Activation of the trigeminovascular system causes the ophthalmic division to depolarise and results in a retrograde release of neuropeptides (CGRP, neurokinin and substance P) from the peripheral end of the nerve. These neuropeptides cause local vascular effects and give rise to a neurgenic inflammatory reaction in the wall of the meningeal arteries and meninges. This further stimulates painful receptors located in these structures and pain sensitive afferent information is relayed along the trigeminal nerve where it synapses with the trigeminal nucleus caudalis in the brain stem.

Second-order neurons relay this information via the quintothalamic tract to the thalamus. Finally, third-order neurons further relay this information to the higher cortical centres where pain is perceived.

Management
Guidance principles of migraine management include:
(1) Reassurance and explan-ation of migraine.
(2) The use of headache diaries. A headache diary is an invaluable tool in migraine management. It creates objectivity and yields invaluable information regarding the frequency, severity, duration and symptomatology of attacks.

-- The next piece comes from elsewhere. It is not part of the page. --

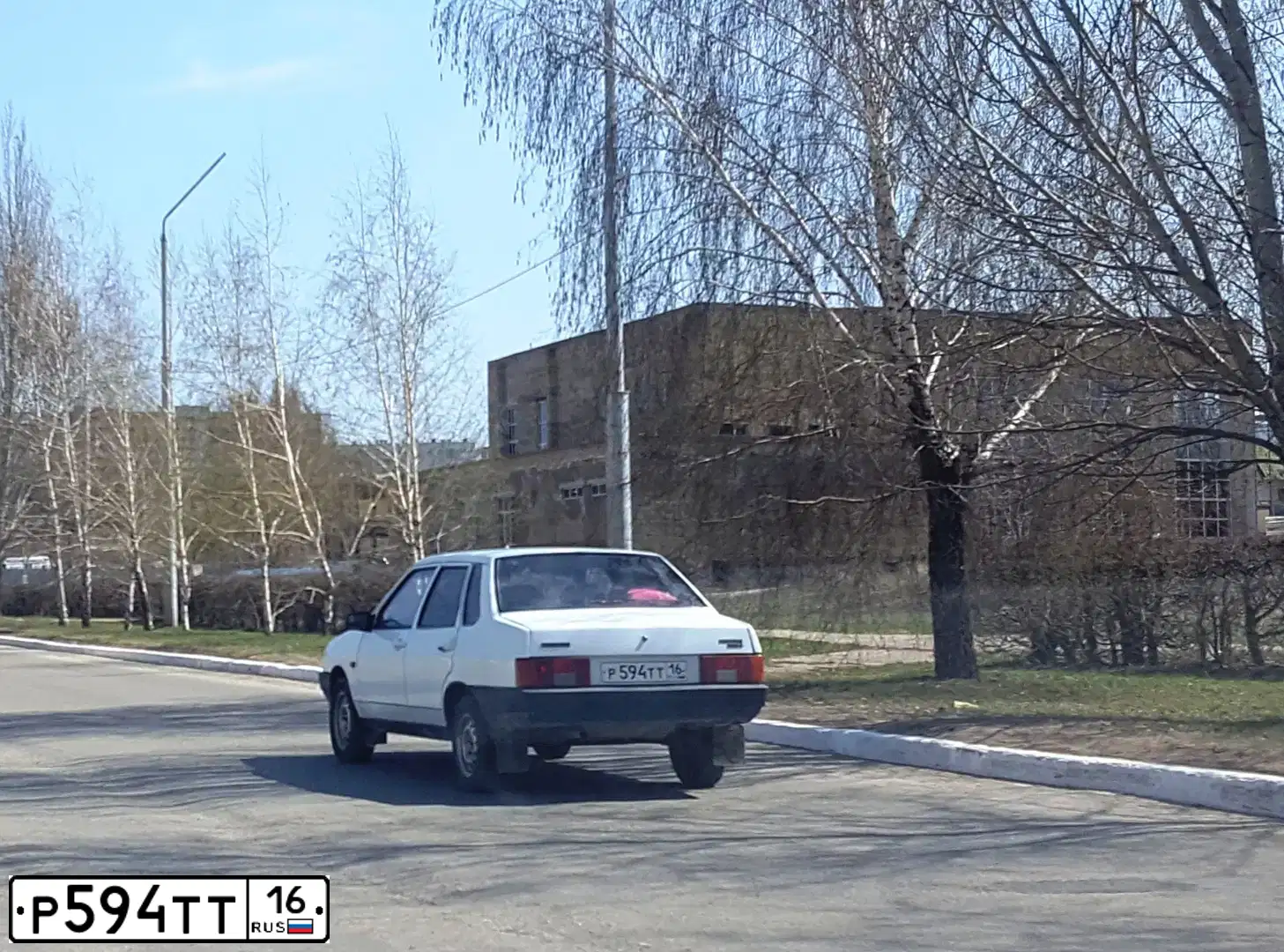 Фото автомобиля LADA 2109 SAMARA, 2001 — госномер А958ЕЕ702. Цвет: ЯРКО-БЕЛЫЙ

It aids in the identification of trigger factors and monitors the efficacy of both the acute and preventative therapies.
(3) The avoidance of trigger factors.
(4) Acute therapies.
(5) Preventative therapies.
(6) Non-drug therapies.

Trigger Factors: Triggers are identifiable in ~ 40 per cent of patients, indicating that many attacks occur spontaneously without their being a precipitating cause. Trigger factors include: dietary (cheese, chocolate, foods containing MSG and aspirate), alcohol, stress, menstrual cycle, OCP, strong odours and environmental factors.

Acute Therapies: All acute therapies are best taken as early as possible during the headache phase, and to delay taking them at this point makes them less effective. Simple analgesics (paracetamol or aspirin), paracetamol/codeine and NSAIDs provide relief in approximately 30 per cent of migraneurs and many patients are able to successfully manage their own migraine. Their mode of action is through anti-prostaglandin actions.

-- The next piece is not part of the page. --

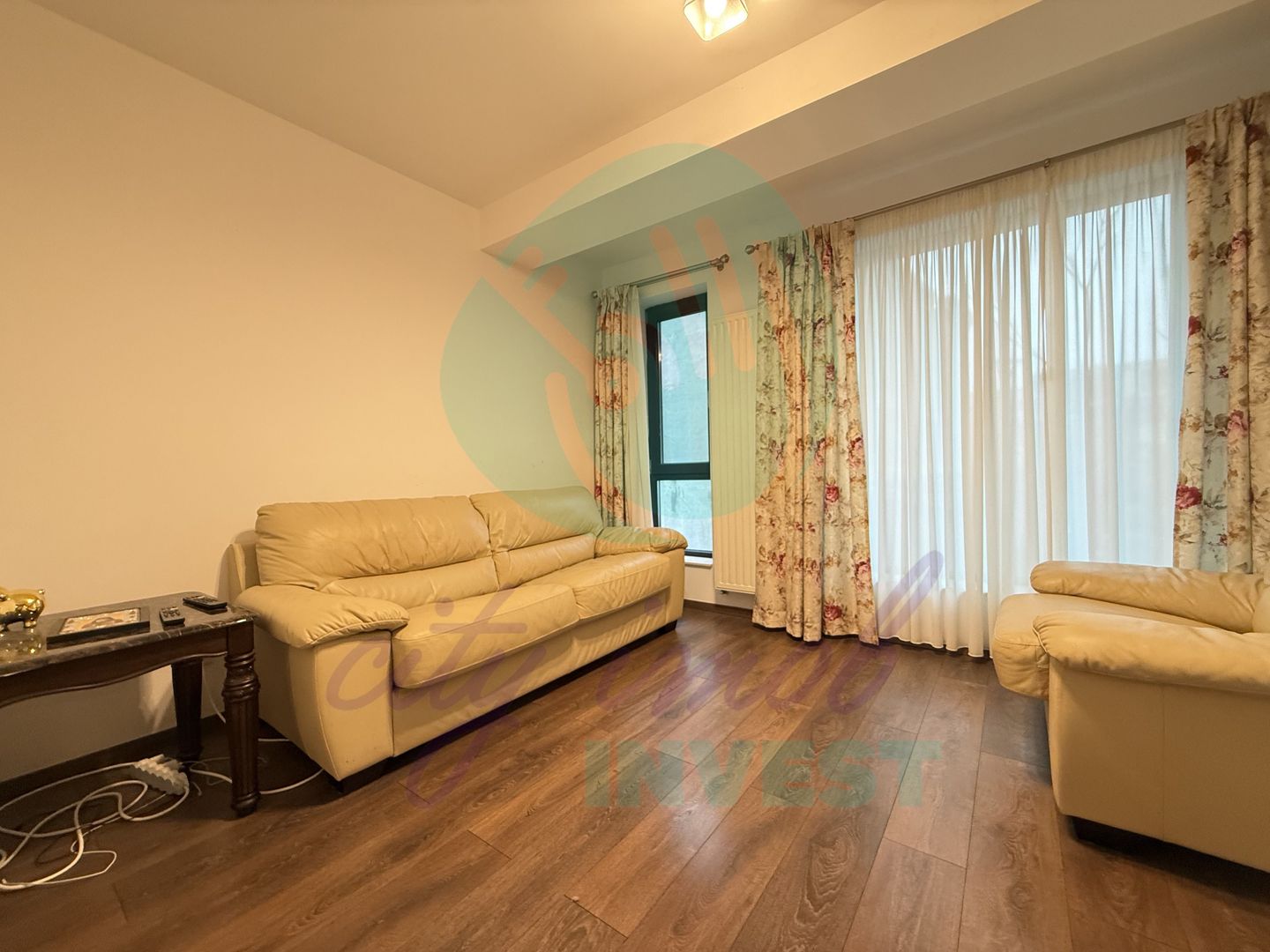 3 camere intr-o cladire cu arhitectura deosebita - Poză 8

The specific acute anti-migraine therapies are known as the triptans. These agents are 5-HT1B/1D receptor agonists and include sumatriptan, zolmitriptan, almotriptan, frovatriptan, eletriptan and naratriptan. The triptans have a high affinity for the 1B receptors located on the meningeal and proximal intracerebral arteries and they vasoconstrict the dilated intracranial arteries during the acute attack.

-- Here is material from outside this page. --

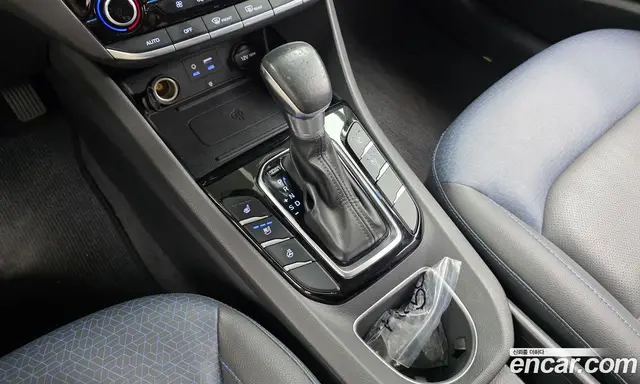 Hyundai Ioniq 2016 1.6 автомат (гидро), миниатюра 12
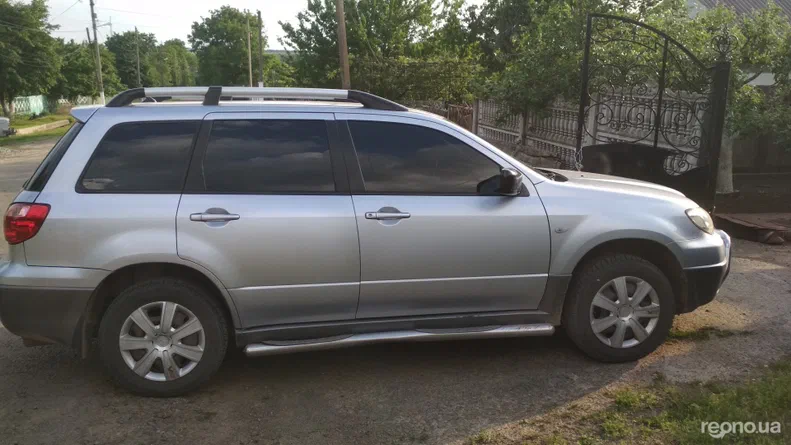 Mitsubishi Outlander 2006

In addition, the triptans also have a high affinity for the 1D receptors located on the peripheral end of the trigeminal nerve thereby blocking the release of the neuropeptides (CGRP, neurokinin and substance P) from these terminals.

The triptans have an efficacy of 60-80 per cent and ideally provide relief within two hours. About 40 per cent of patients get a recurrence of the headache within 24 hours and will therefore require taking additional doses.

Preventative Therapies: The objectives in migraine prophylaxis are a reduction in the frequency, severity and duration of attacks. This results in reduced disability and lessens the reliance on acute therapies. In practice, only 13 per cent of migraneurs have been prescribed a preventive therapy indicating that they are underutilised.

Patients need to continue to take the medication for at least 2-3 months before efficacy can be accurately evaluated. A common mistake is for patients to discontinue the medication within a few weeks. Most of the preventive therapies were discovered through serendipitous use and these include beta-blockers (propanolol, atenolol), anti-epileptics (sodium valproate) and antidepressants (amitriptyline, SSRI). The best clinical trials are conducted with topiramate, which determined the end-point evaluations outlined above.

Other preventative drugs include: pizotifen and sibellium.

The mechanisms of actions of the preventive therapies are poorly understood but are thought to confer benefit through inhibition of cortical spreading depression (CSD) through stabilisation of Na+, K+ and Ca+ channels. In addition they act on adrenergic and noradrenergic pathways, inhibit the actions of glutamate and enhance the role of GABA receptor actions.

Future Developments: There are at present a number of new generation acute and preventive therapies in late-stage clinical development.

The most promising of the acute therapies are the CGRP antagonists (telcagepant), which in clinical trials show a similar efficacy to the triptans without having vascular vasoconstriction actions.

This is important as the triptans are contraindicated in patients with ischaemic heart disease and uncontrolled hypertension.

Tonabersat is a novel preventive therapy which inhibits cortical spreading depression and in turn inhibits nitric oxidase production and trigeminovascular activation. The results of a recent clinical trial only showed a marginal improvement over placebo. Nevertheless further clinical trials are on-going with a number of different end-points being evaluated.

Dr Edward M. O’Sullivan, Clinical Director Headache / Migraine Clinic, Cork University Hospital and GP, Cork City.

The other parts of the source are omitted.